◆ **Work item**: Restrict the output to the lines below starting at the one that contains "Juicy Realm - Nintendo Switch" and ending at the one that contains "Zdjęcie 9 z", and restate them word for word, both ends included.

◆ **Working data**:
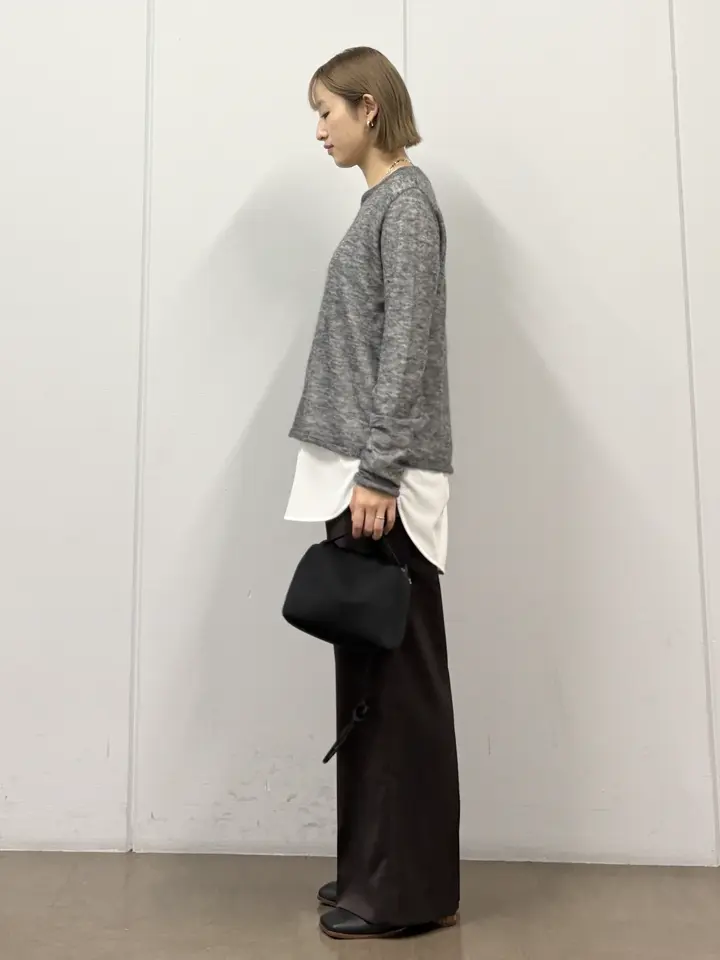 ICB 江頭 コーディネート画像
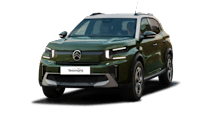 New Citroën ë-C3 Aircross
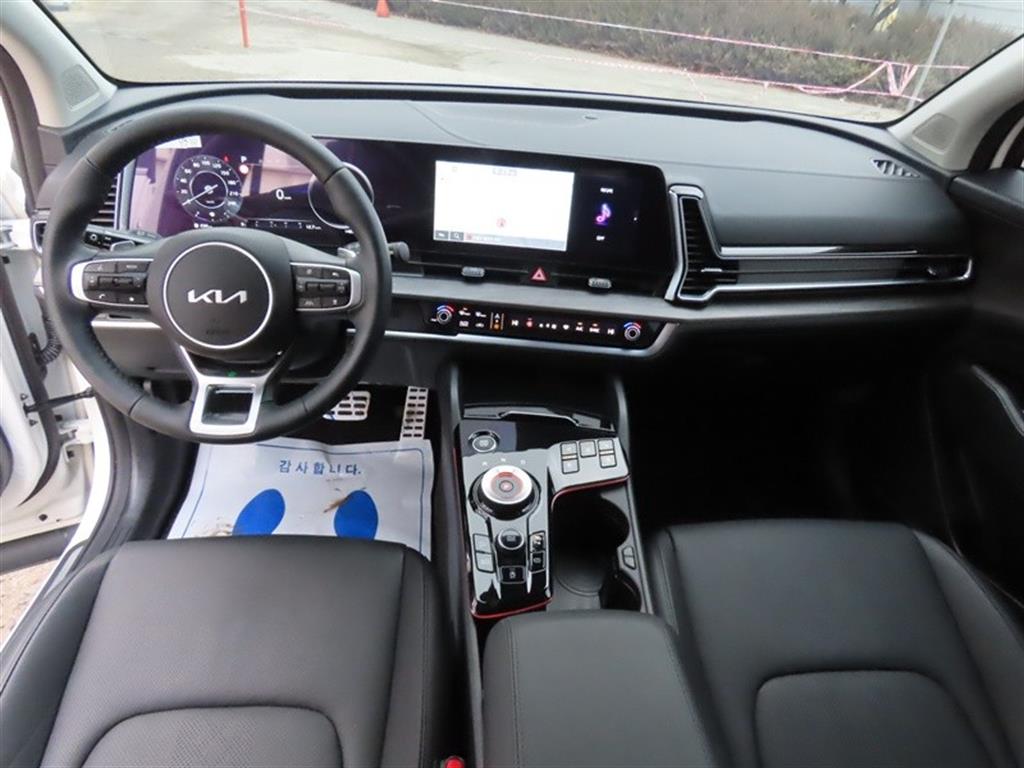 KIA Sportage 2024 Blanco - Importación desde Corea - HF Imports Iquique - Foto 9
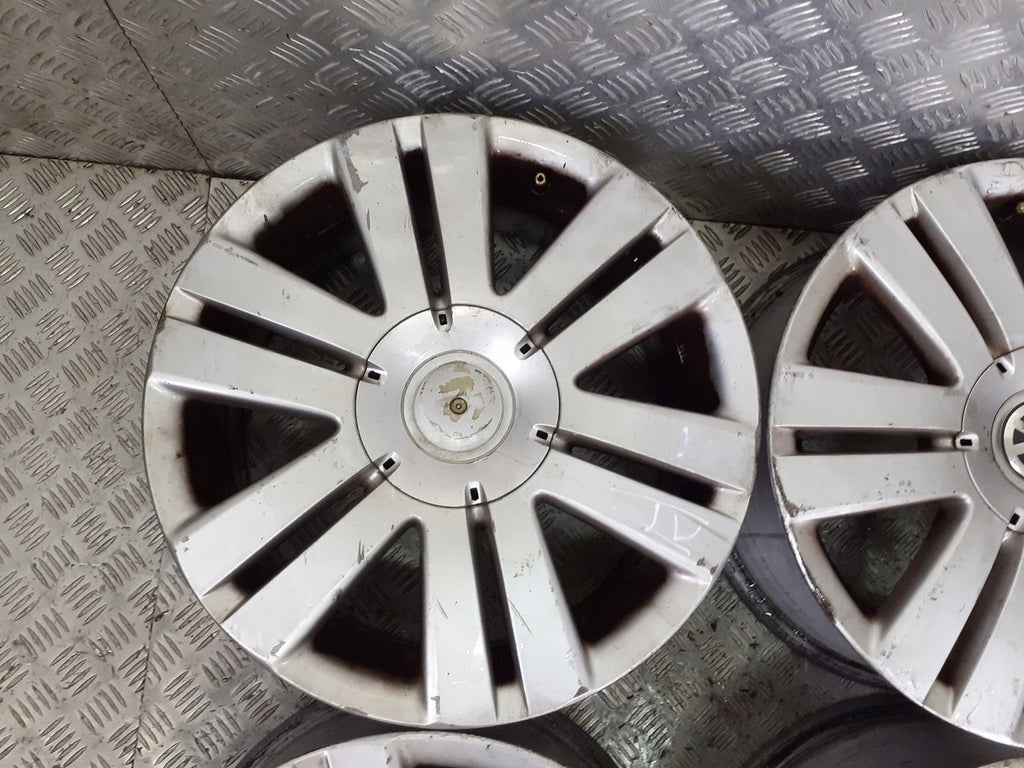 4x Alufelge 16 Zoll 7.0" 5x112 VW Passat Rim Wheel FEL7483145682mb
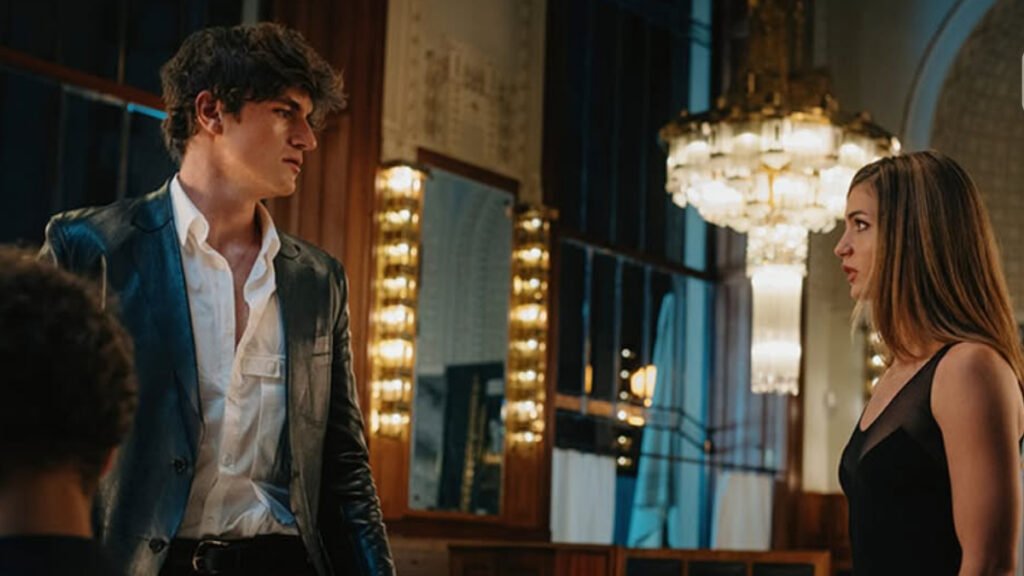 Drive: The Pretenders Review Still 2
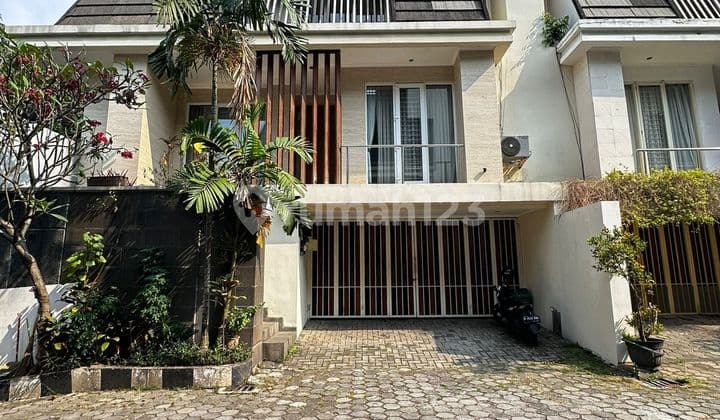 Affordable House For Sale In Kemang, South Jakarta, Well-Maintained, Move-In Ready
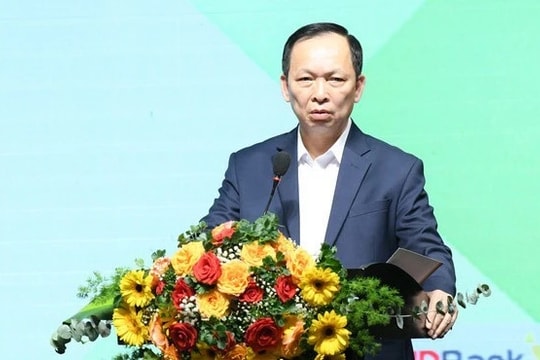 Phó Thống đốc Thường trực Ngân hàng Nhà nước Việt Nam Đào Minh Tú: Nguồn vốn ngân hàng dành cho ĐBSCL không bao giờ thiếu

* * *

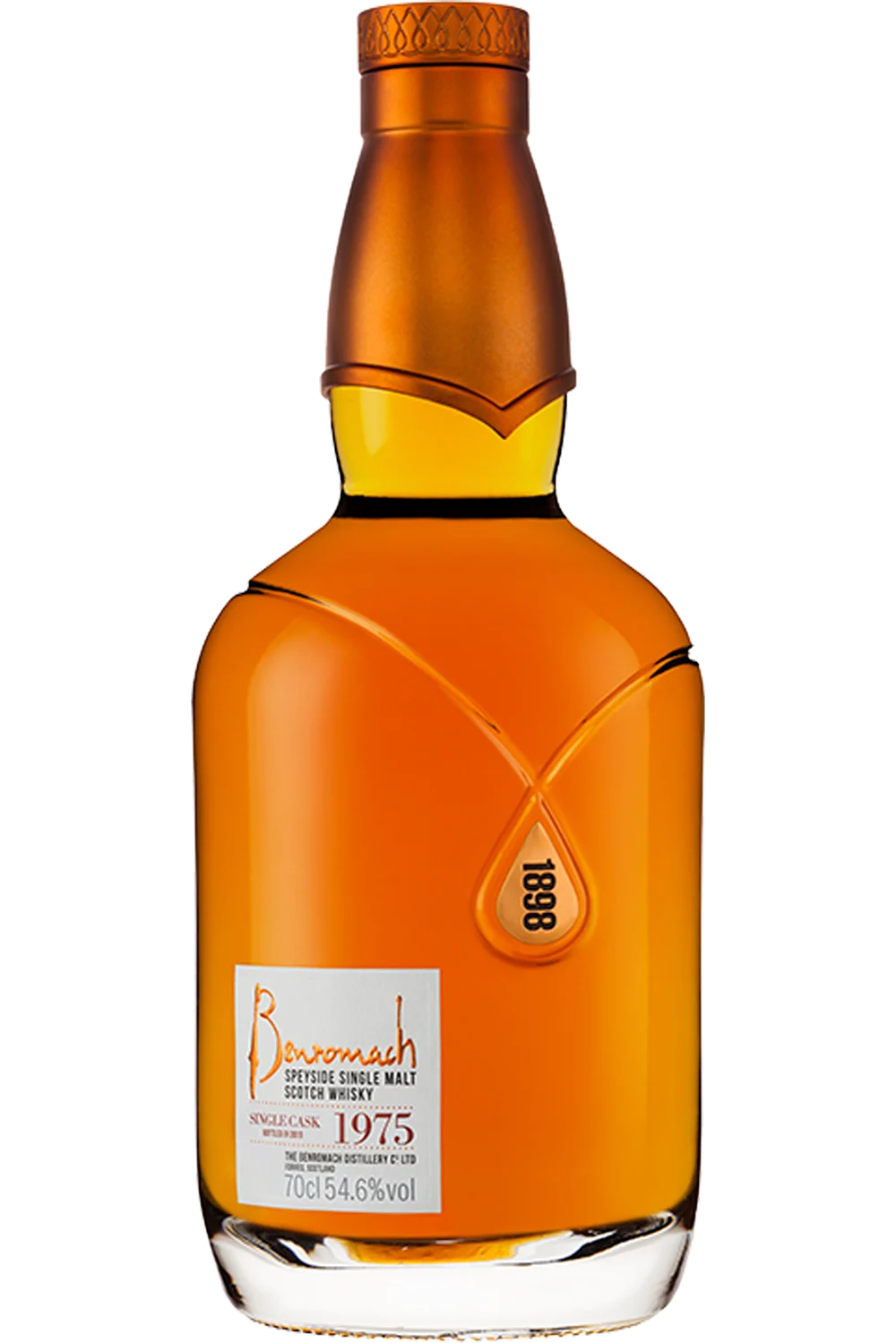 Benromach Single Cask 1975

==

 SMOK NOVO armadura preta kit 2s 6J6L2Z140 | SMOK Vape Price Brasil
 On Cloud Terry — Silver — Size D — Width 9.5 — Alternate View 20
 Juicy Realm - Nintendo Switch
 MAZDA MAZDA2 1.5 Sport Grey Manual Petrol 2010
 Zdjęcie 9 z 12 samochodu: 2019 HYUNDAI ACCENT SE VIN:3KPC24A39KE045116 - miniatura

◆ **Expected answer**:
 Juicy Realm - Nintendo Switch
 MAZDA MAZDA2 1.5 Sport Grey Manual Petrol 2010
 Zdjęcie 9 z 12 samochodu: 2019 HYUNDAI ACCENT SE VIN:3KPC24A39KE045116 - miniatura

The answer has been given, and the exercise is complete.